Stored data:
★ ★ ★ ★ ★
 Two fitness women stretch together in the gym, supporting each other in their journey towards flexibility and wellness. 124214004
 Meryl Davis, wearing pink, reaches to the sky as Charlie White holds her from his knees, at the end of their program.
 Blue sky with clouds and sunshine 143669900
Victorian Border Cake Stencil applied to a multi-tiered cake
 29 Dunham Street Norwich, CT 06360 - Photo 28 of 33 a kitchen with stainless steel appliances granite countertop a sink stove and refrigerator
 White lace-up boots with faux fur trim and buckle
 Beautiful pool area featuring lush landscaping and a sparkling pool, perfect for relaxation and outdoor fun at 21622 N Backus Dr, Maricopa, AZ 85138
★ ★ ★ ★ ★
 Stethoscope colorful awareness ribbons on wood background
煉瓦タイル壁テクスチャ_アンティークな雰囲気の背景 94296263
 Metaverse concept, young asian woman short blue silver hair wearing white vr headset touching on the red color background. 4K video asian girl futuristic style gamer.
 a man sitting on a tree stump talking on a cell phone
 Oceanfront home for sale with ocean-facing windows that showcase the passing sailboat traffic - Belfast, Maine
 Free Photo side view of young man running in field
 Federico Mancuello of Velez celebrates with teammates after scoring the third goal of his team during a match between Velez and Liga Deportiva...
★ ★ ★ ★ ★
◆ What the exercise asks ◆
With the first line being the one containing "a man sitting" and the last line the one containing "Free Photo side", transcribe exactly the lines above that fall in that range.

◆ Exercise solution ◆
 a man sitting on a tree stump talking on a cell phone
 Oceanfront home for sale with ocean-facing windows that showcase the passing sailboat traffic - Belfast, Maine
 Free Photo side view of young man running in field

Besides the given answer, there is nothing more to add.